Opec drives Oil prices lower
A Reuters survey, the results of which were released on Monday, showed that OPEC oil pumping in July stayed high despite the coming boost in supply from Iran. Iran plans to put 500,000 more barrels per day on the market as soon as sanctions against it are lifted.
The country’s oil minister Bijan Zanganeh says that it will boost the flow of oil to more than a million barrels within months of sanctions being lifted. US Crude is now trading at less than $50 per barrel, and the United States Oil Fund LP (ETF) is taking the hit.
The ETF was down by more than 1 percent for Monday trading at time of writing. In the last month the fund has lost more than 18 percent of its value, and it’s down more than 24 percent since the start of the year.
Betting on the United States Oil Fund LP (ETF)
Despite the rough market that appears to be ahead for oil, there are many traders still putting money behind the United States Oil Fund LP (ETF) . Volume on a normal day is well above 20 million shares, and for every seller there is a buyer.
Barclays oil researcher Miswin Mahesh told CNBC why he thinks that might be a good idea. Mr. Mahesh says that though there’s likely to be pressure on the price of oil in the short term, prices should return to $60 per share or more by the middle of 2016.
He says that WTI should reach $63 by the end of the second quarter of next year. On this morning’s market a barrel of West Texas oil was selling for $46.
At the end of June a drop in pumping outlook in Iraq and Brazil was supposed to bring gains to the market, but that promise was spoiled by the return of Iran to the global oil table.
Natixis analyst Abhishek Deshpande said in a June report that “Excess crude oil in the market will continue to rise all the way into early 2017.”

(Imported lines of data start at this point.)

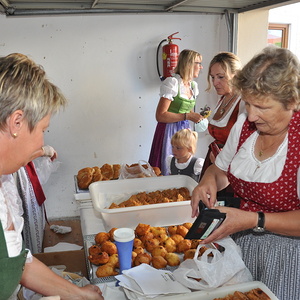 Verabschiedung Kaplan Kinsley, Kräuterweihe und Goldhauben Einladung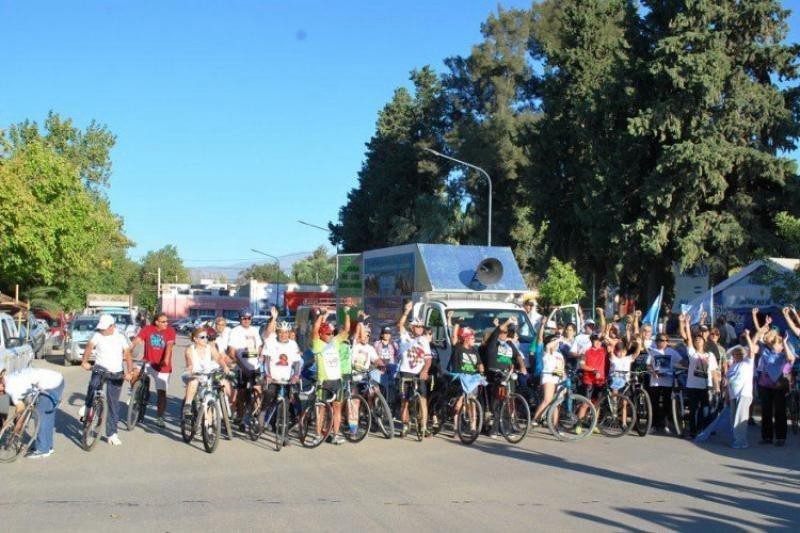 Bicicleteada de 1400 kilómetros por la preservación de los glaciares | Actualidad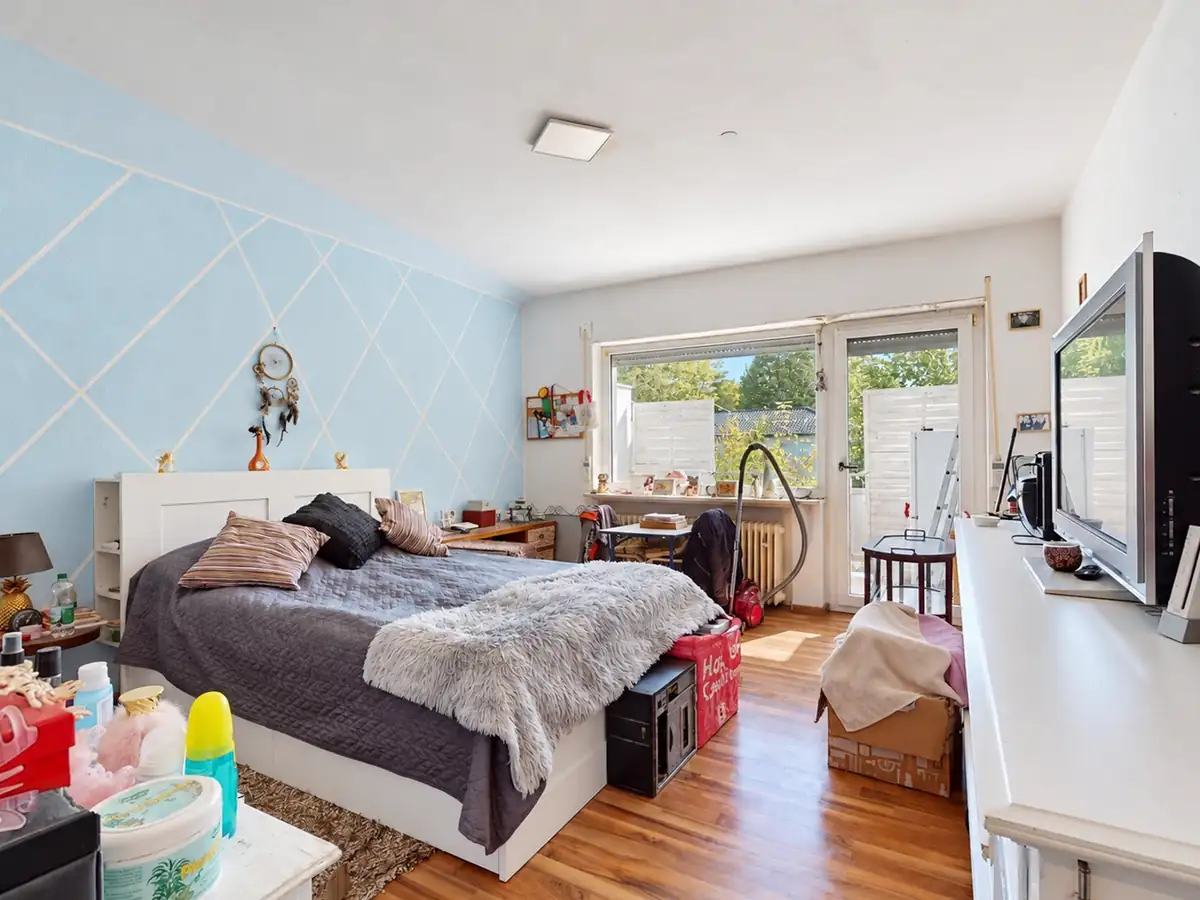 Erdgeschosswohnung – Bild 2 von 9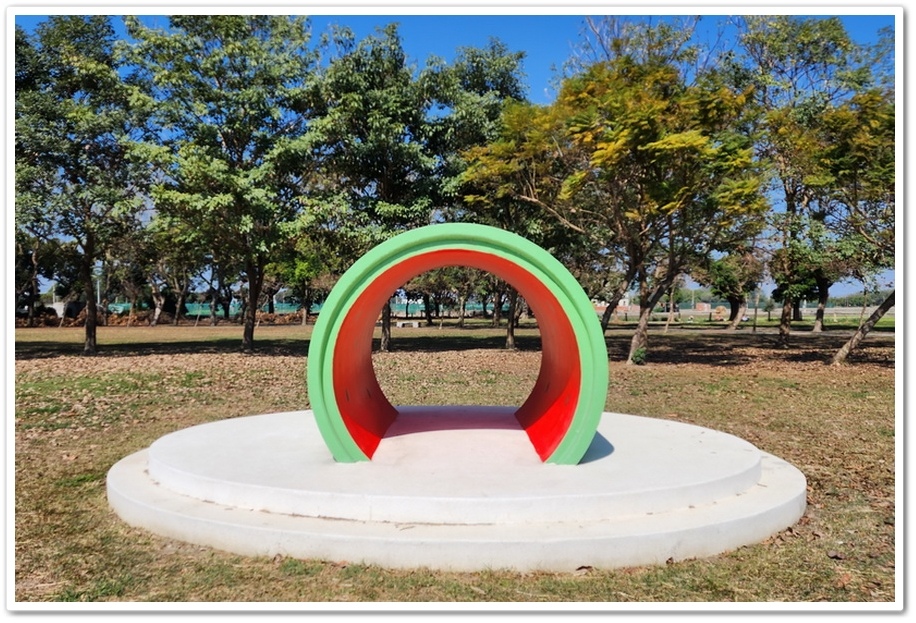 雲林縣《二崙軍史公園》巨人的腳、陸海空三軍國防戰備武器展示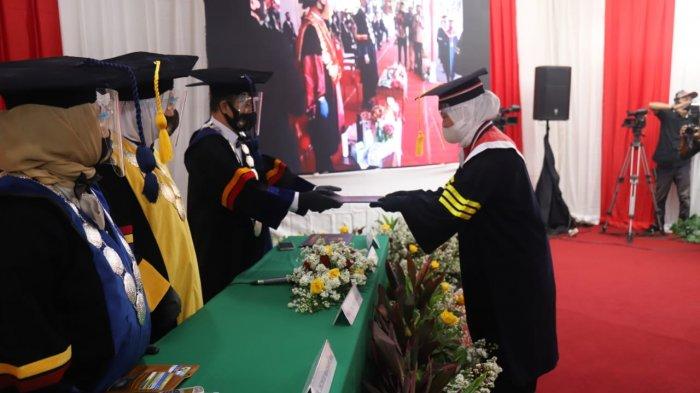 Raih IPK 3,87, Menaker Ida Jadi Wisudawan Doktor Terbaik IPDN 2020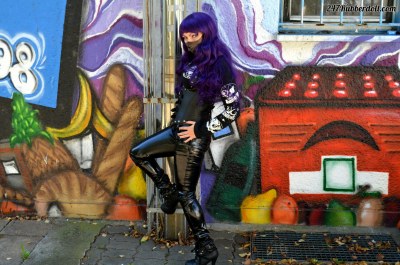 Gothic Girl With Pvc Pants 4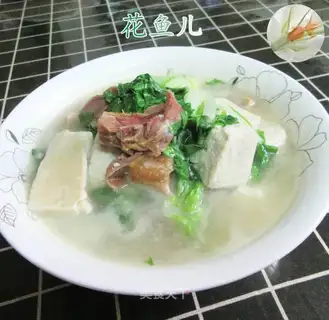The duck-legged tofu cooks cabbage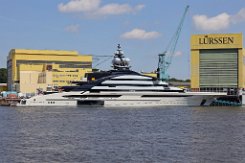 [Schiffe Spezial] NORD (8) Die nagelneue Megayacht NORD liegt am 2021-06-19 an der Lürssen Werft in Lemwerder an der Weser.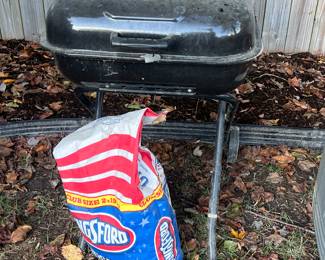 Grill W/ Charcoal 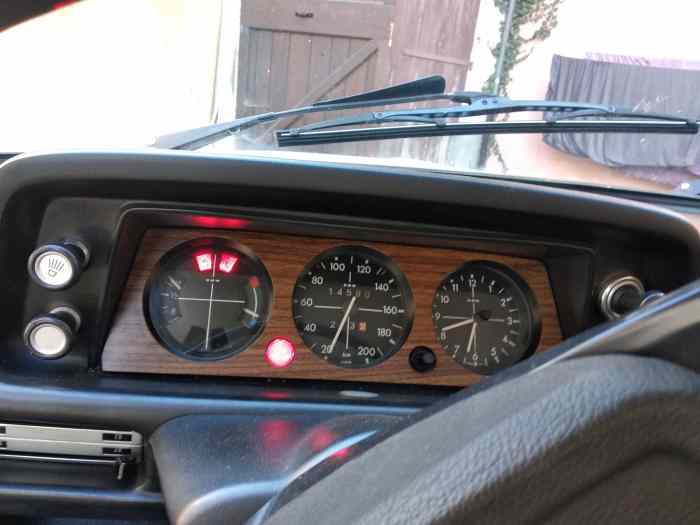 BMW 2002, Blanc Chamonix 3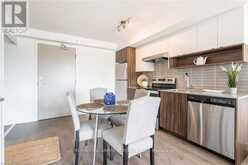 A305 - 1117 COOKE BOULEVARD | Burlington Ontario | Slide Image Ten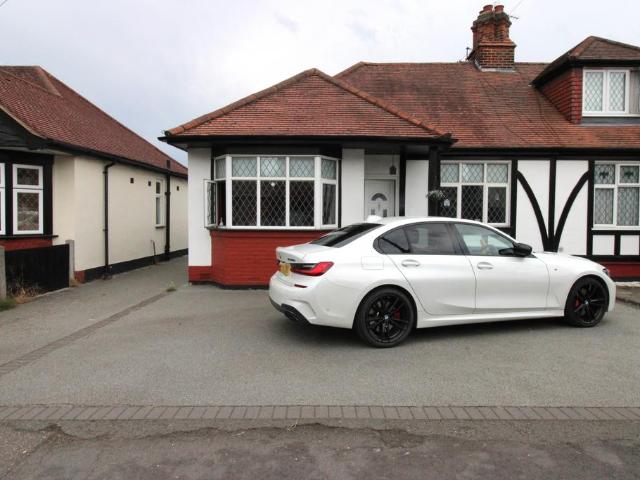 Bungalow for sale in Corbets Tey, Greater London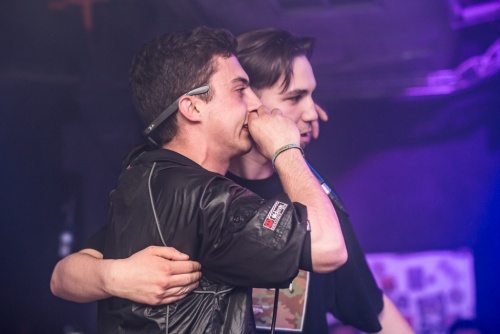 06dd18ab7dc6611afbdac008811158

Seth Kleinman from Citi agrees. He says that “project cancellations and deferral and cut backs are setting the world up for tighter oil markets in the medium term (2017-19) unless the record Middle East oil rig count successfully translates into significantly higher production.”
Those betting on the United States Oil Fund LP (ETF) will need to hold on and wait for that tighter market in order to realize gains, at least in the minds of analysts.
The kind of surprise supply boosts that drove prices lower over the last year could appear again, however, making a bet on the ETF less than a sure thing.